Inference is based on the posterior distribution, and topics including conjugacy, vague prior knowledge, marginal and predictive inference, decision theory, normal inverse gamma inference, and categorical data are pursued. Common concepts, such as likelihood and sufficiency, are used to link and contrast the two approaches to inference. You will gain experience of the theory and concepts underlying much contemporary research in statistical inference and methodology.
Time Series and Forecasting
This module will provide a general introduction to the analysis of data that arise sequentially in time. Several commonly occurring models will be discussed and their properties derived. Methods for model identification for real time series data will be described. Techniques for estimating the parameters of a model, assessing its fit and forecasting future values will be developed. Students will gain experience of using a statistical package and interpreting its output.
The course will cover:
- concepts of stationary and non-stationary time-series
- philosophy of model building in the context of time series analysis
- simple time series models and their properties
- the model identification process
- estimation of parameters
- assessing the goodness of fit
- methods for forecasting
- use of a statistical package
Note: you can't take both the Applied Statistical Modelling and the Statistical Inference modules.
Students who take a year-long module in Uncertainty Quantification or Computational Statistics will need to take 10 credits worth of computer science modules in both terms in order to achieve a 60:60 split of credits across two terms. Students are permitted to pursue maximum 70 and minimum 50 credits split across semesters if that provides them with a better suited selection of modules.
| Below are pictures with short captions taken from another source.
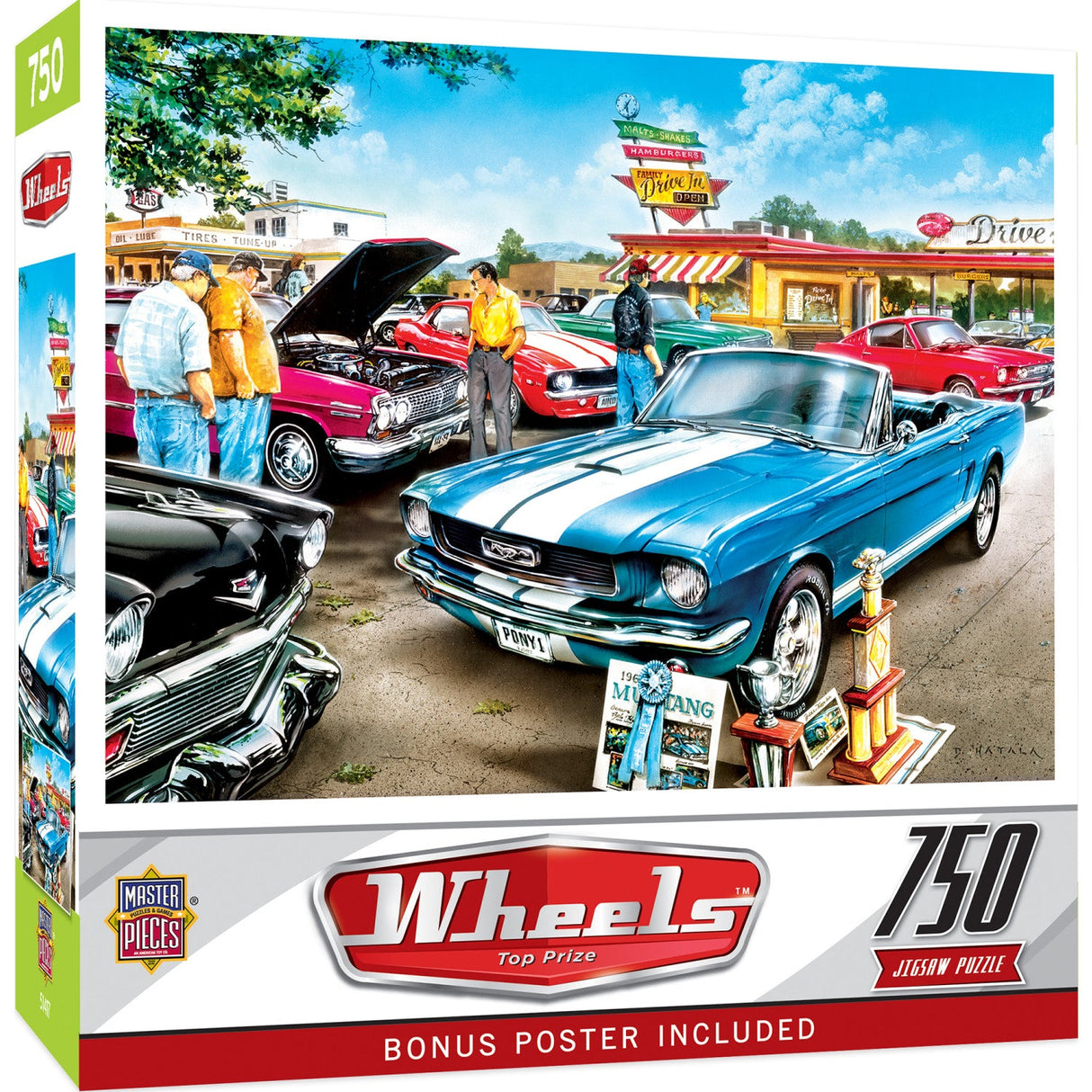 Wheels - Top Prize 750 Piece Jigsaw Puzzle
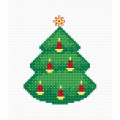 Набор для вышивания крестом Luca-S "Ёлочка"
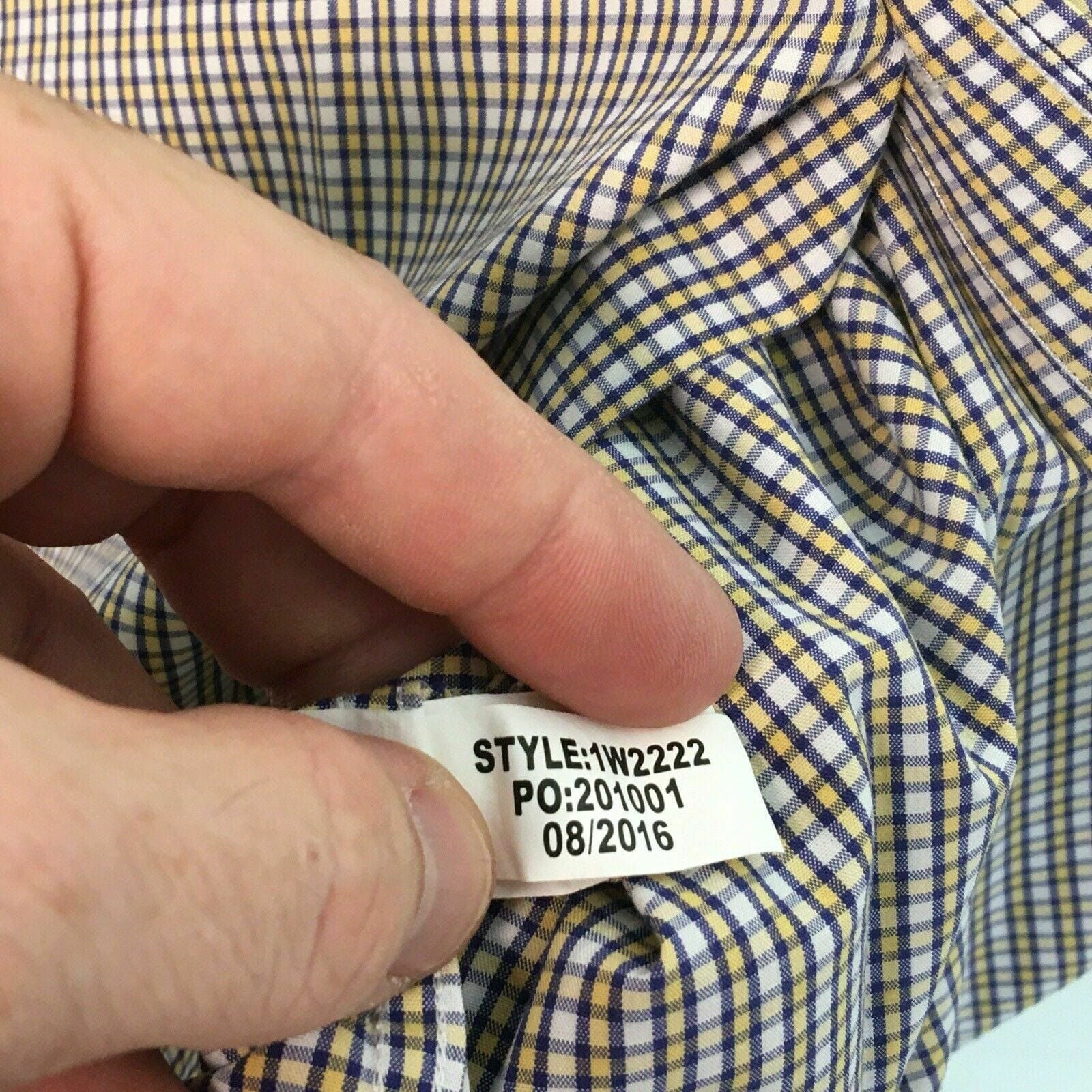 Exciting Vineyard Vines Mens Plaid Shirt Slim Fit Button-Up L/s Whale Yellow/Purple L Cotton Long Sleeve -  | Buy at Parsimony Shoppes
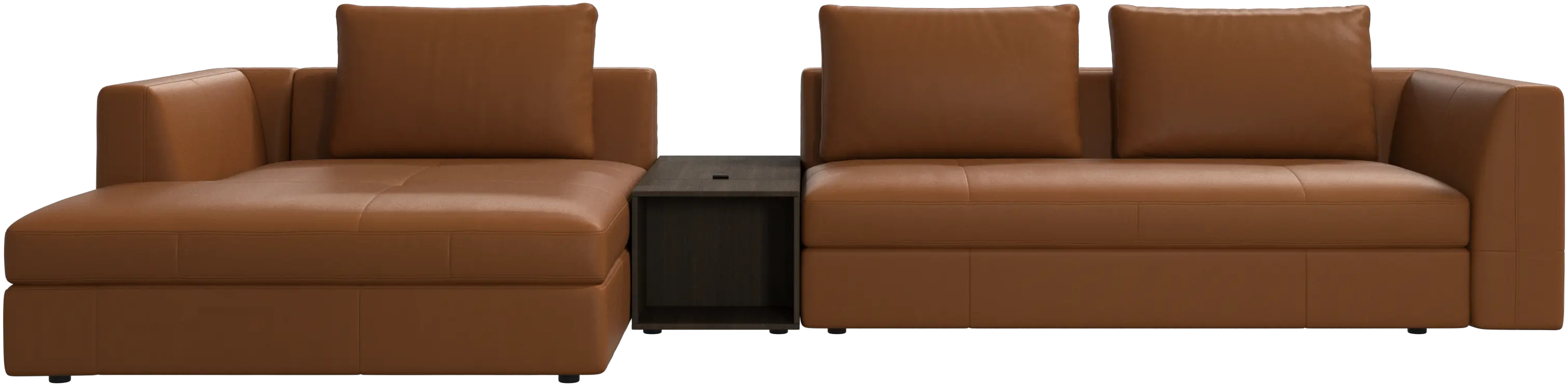 Bergamo chaise longue sofa with storage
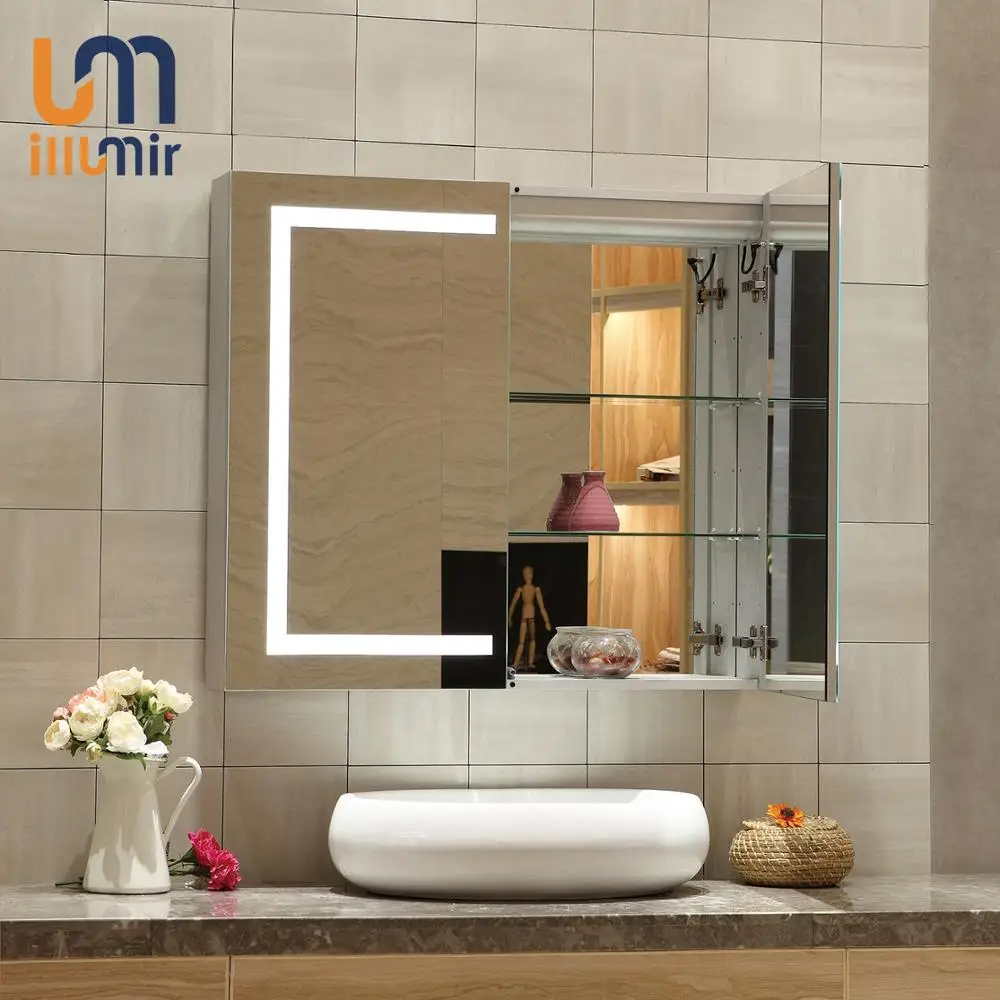 Лидер продаж высококачественный современный настенный шкаф для ванной комнаты с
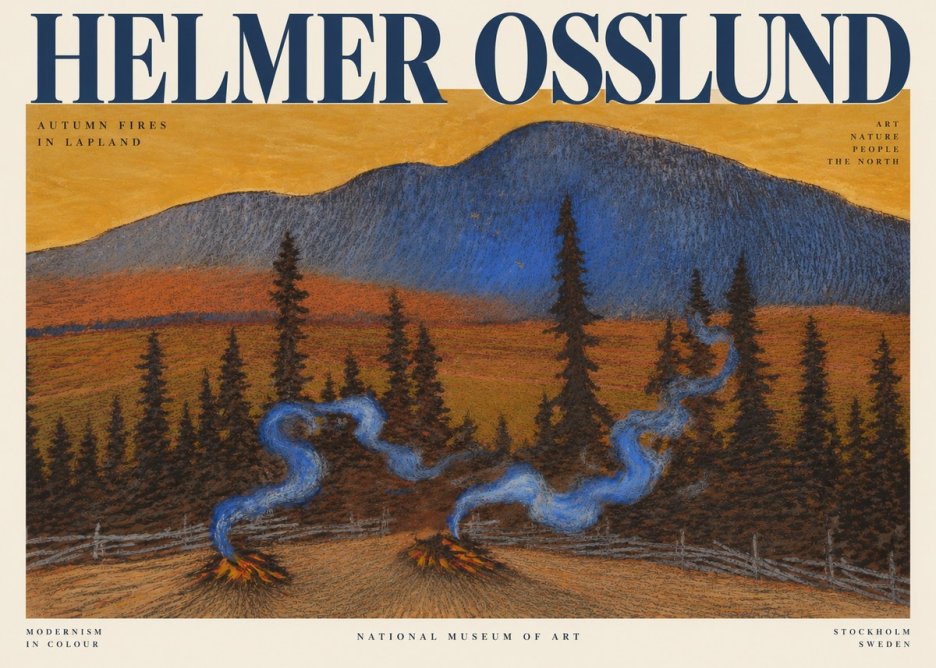 Helmer Osslund Twilight in the North No3 - Póster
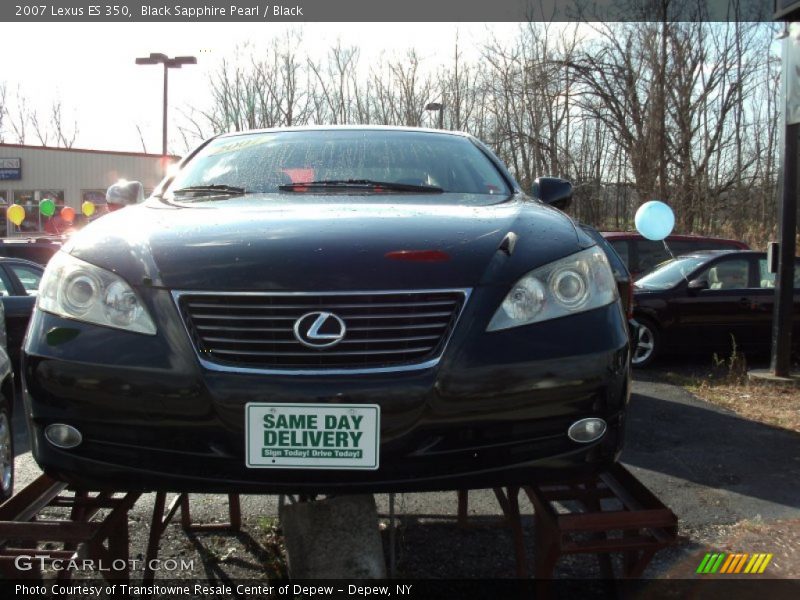 Black Sapphire Pearl / Black 2007 Lexus ES 350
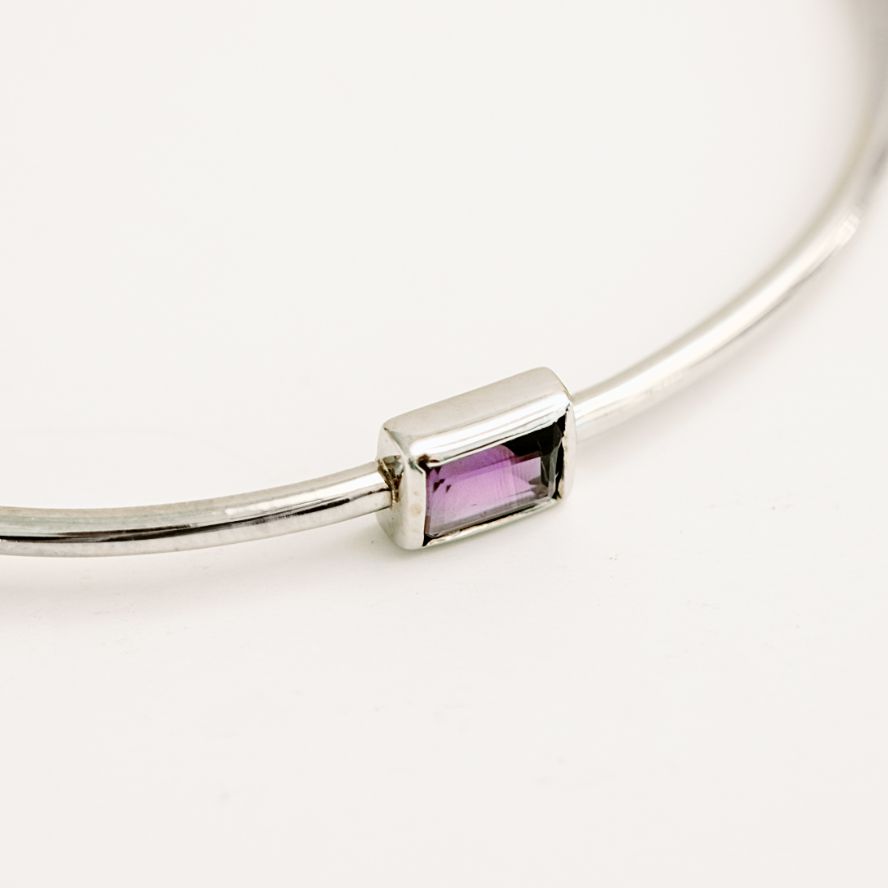 Birthstone Bangle Amethyst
Out of total of 180 credits at least 150 credits must come from level four modules.
The above is a sample of the typical modules that we offer but is not intended to be construed and/or relied upon as a definitive list of the modules that will be available in any given year. Due to the passage of time between commencement of the course and subsequent years of the course, modules may change due to developments in the curriculum and information is provided for indicative purposes only.